Kevin Stefanski pleased with Deshaun Watson’s game in brutal weather
No performance is viewed in a vacuum. Well, no performance should be viewed in a vacuum, but more often than not it’s going to happen.
In a vacuum, the numbers Deshaun Watson put up in his fourth start with the Browns — Saturday’s 17-10 loss to the New Orleans Saints — were so-so at best. He completed just 13 of 31 passes for 135 yards with an interception for a career-low 47.1 passer rating.
To view them in a vacuum, though, would take away a whole lot of context around those numbers. The biggest thing being the weather conditions that made every drop-back an adventure, between the wind altering trajectories and the cold making the ball feel like a brick.

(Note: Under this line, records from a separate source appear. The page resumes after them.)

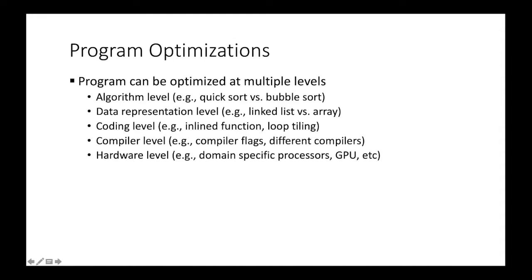Programs can be optimized at multiple different levels. Using a systems tag from the top, we can optimize programs at algorithm level. An example is quicksort versus bubblesort. So quicksort is a much better choice than bubblesort.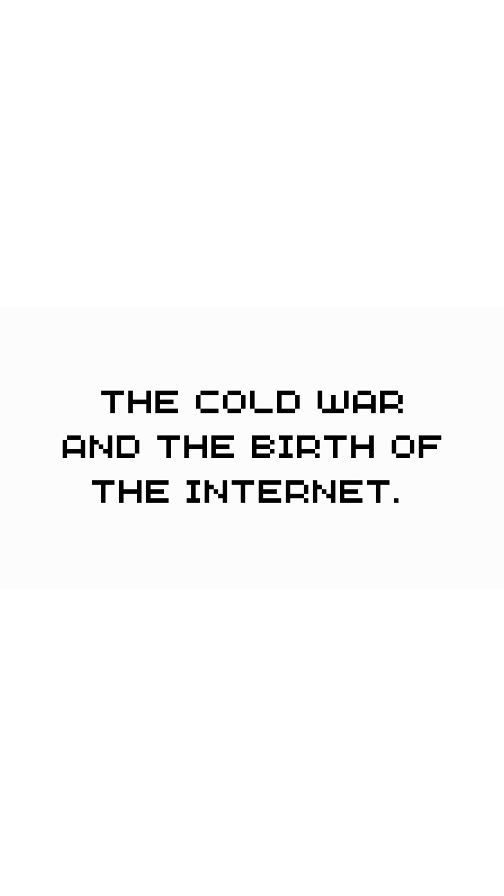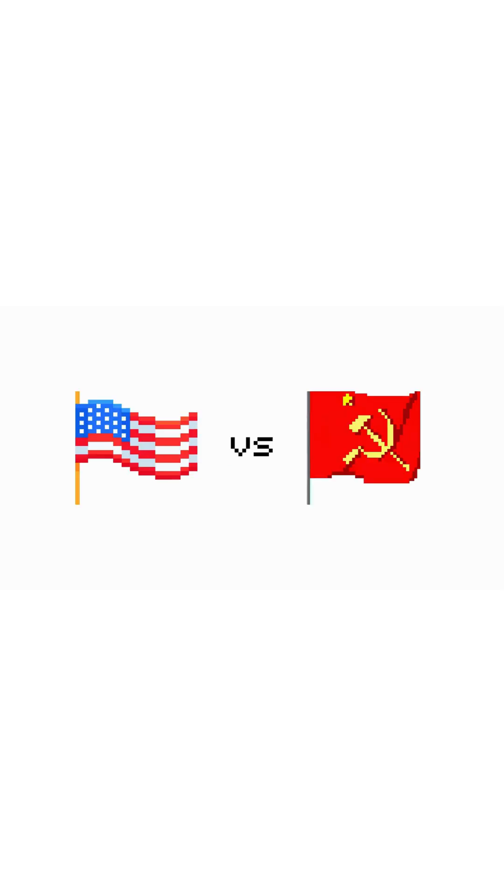The Cold War and the birth of the internet. In the 1960s, the US was in the Cold War, a long, tense conflict with the Soviet Union.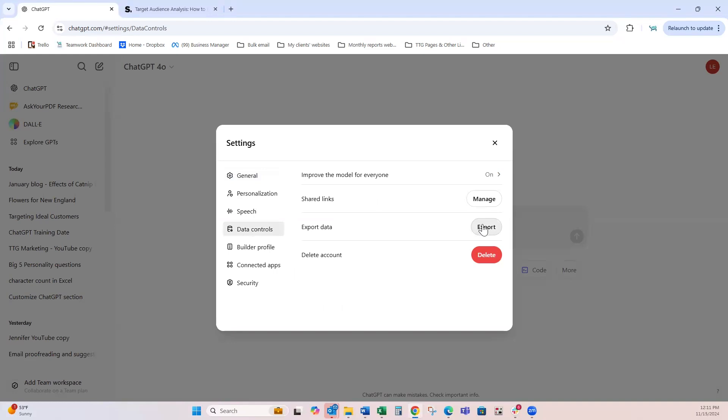It will not download directly from this page. What it will do is send you an email. The email will have a button to download, and then you can download the zip folder which will have your conversations. You can then take it and open it back up in a browser window if you need to access your backup.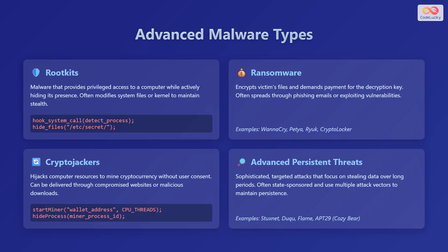They can be delivered through compromised websites or malicious downloads. Advanced persistent threats are sophisticated, targeted attacks that focus on stealing data over long periods of time, and are often state-sponsored using multiple attack vectors to maintain persistence. Examples include Stuxnet, Duqu, Flame, and Advanced Persistent Threat 29, also known as Cozy Bear.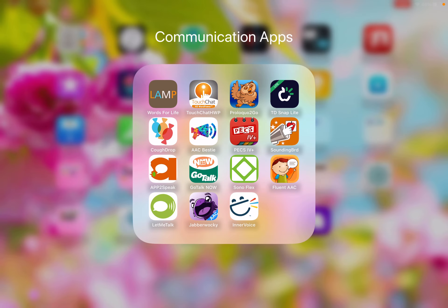Hi, my name is Kara. I'm with Missouri Assistive Technology. Today I wanted to make a video about the TouchChat app. The TouchChat app has a lot of features in it, which can be great for addressing a variety of needs, but it can also be a little bit overwhelming. So I just wanted to go through some of the basics with TouchChat, and hopefully this video is helpful.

“I think that you definitely consider how he played in the elements in some very, very tough situations,” coach Kevin Stefanski said on a Monday Zoom call. “That last drive to be on the field for that long and to make some really, really unbelievable throws in that moment. I know we didn’t come down with the ball.”

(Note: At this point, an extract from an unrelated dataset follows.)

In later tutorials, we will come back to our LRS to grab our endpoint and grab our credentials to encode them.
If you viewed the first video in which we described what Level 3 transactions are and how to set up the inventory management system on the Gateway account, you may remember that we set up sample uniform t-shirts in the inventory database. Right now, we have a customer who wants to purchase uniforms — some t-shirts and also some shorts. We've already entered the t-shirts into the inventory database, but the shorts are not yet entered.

Stefanski was referring to the Browns’ final possession, as they tried to rally from a 17-10 deficit. The Browns marched from their own 20 to the New Orleans 15 in 14 plays.

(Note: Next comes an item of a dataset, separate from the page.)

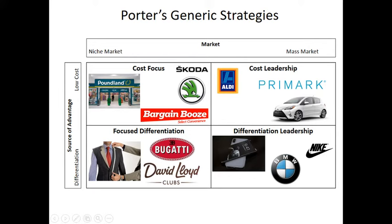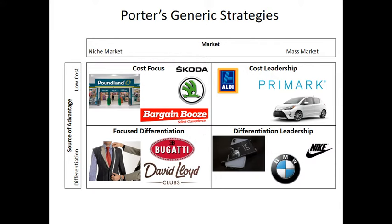Just to remind you of Porter's generic strategies: Porter suggested that businesses should follow a very clear strategy. It doesn't matter what the market is — if it's cars, coffee, clothing, or sportswear — your business should follow a particular strategy in terms of the market, whether it's focusing on a niche or a mass market, and what your source of competitive advantage is: selling at a low cost or differentiating the product. Porter's key point is that businesses that are confused about their strategy or stuck in the middle may well struggle to survive. By having a clear strategy, you can clearly focus your business and know what your targets are.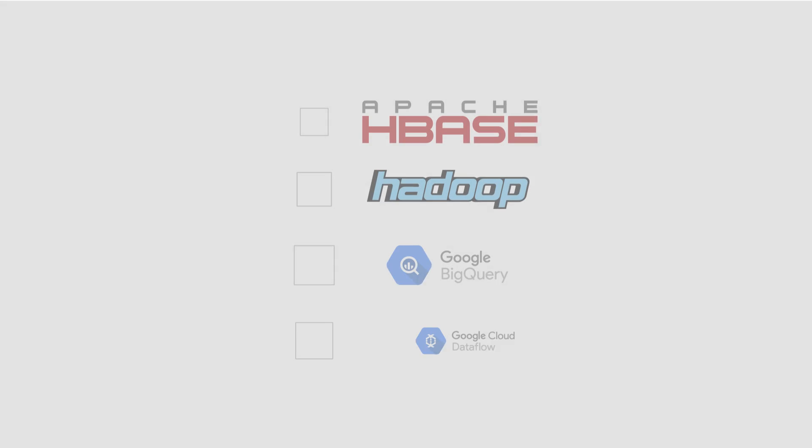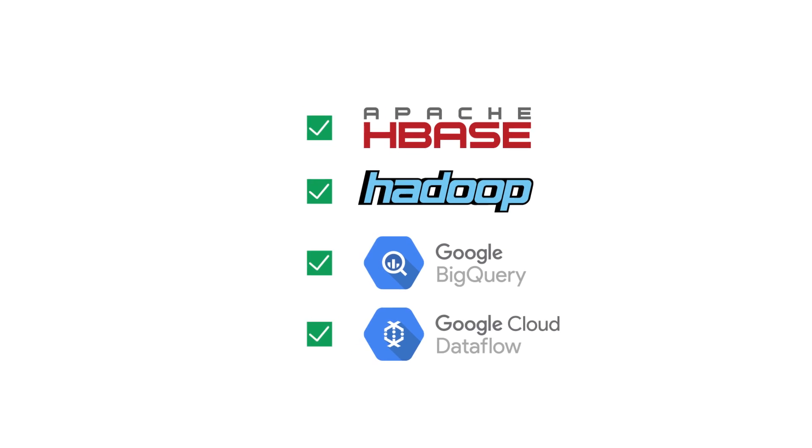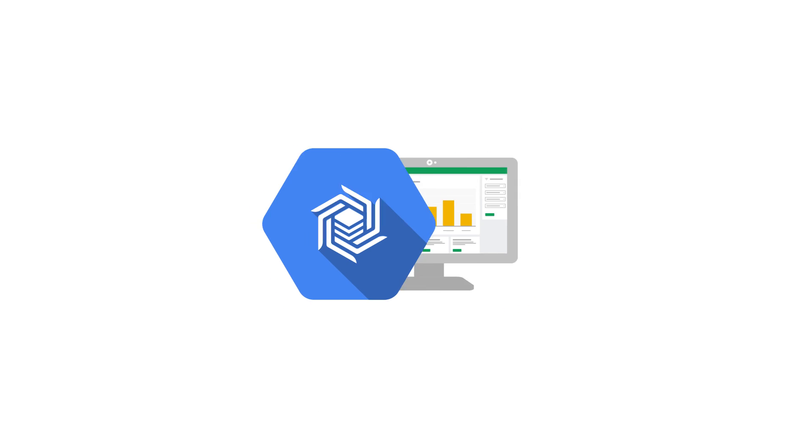And because Cloud Bigtable is compatible with industry-standard tools like HBase, Hadoop, and Google's BigQuery and Cloud Dataflow services, it's easy to put all that data to work for your app.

However, the final four plays ultimately defined the game. The Browns had three incompletions, followed by a fourth-down sack with 19 seconds remaining that sealed their fate.
Two of those plays ended in potential touchdowns passes by Watson dropped. Donovan Peoples-Jones couldn’t hang onto one near the back left corner of the end zone on second down, then David Njoku dropped a ball just shy of the goal line on third down.
After the game, Njoku made a point to apologize to Watson personally, then reiterated his apology while speaking to the media.
“Again, our guys hold themselves to very high standards,” Stefanski said. “I applaud Dave. After the game, said he should make that play. That is what he believes, and we know how tough it was, but for those guys to battle in that situation and to have the plays that they had late in the game I think speaks to how hard they were working.”
Saturday’s game was the second consecutive in which weather was something to be dealt with for Watson.
The cold weather of Cleveland was a factor the Browns had to overcome in the trade derby they were in with the likes of the Saints, Atlanta Falcons and Carolina Panthers to acquire Watson last spring. And Cleveland’s weather, no doubt, is one of the reasons why the Browns gave Watson a fully guaranteed five-year, $230-million contract when they acquired him from Houston in March.
The week before against Baltimore, the weather was more nuisance than major factor. It was 32 degrees with a wind chill of 23 at kickoff, although snow did swirl around the stadium in the fourth quarter.
The weather was the story against New Orleans. It was the coldest regular-season Browns home game, and second-coldest only to the famous “Red Right 88” wild card playoff game in January 1981, with a kickoff temperature of 6 degrees and a wind chill of minus-16.
“It is tough, especially the wind,” Watson said after the game. “Like we said, we can’t control it. Then different air pockets throughout the stadium, you really don’t know where it is going to go. For both teams, if you look at the game, every time we went towards the opposite (east) end of where we entered the stadium, no one really threw the ball because of that wind. You were pretty much going against the wind.
“Then when you are going the opposite direction like we were the last drive, you were going with the wind. It is tough because when you can go with the wind, you can’t really throw and leave it up in the air because it goes with it; the opposite, it is going against us.”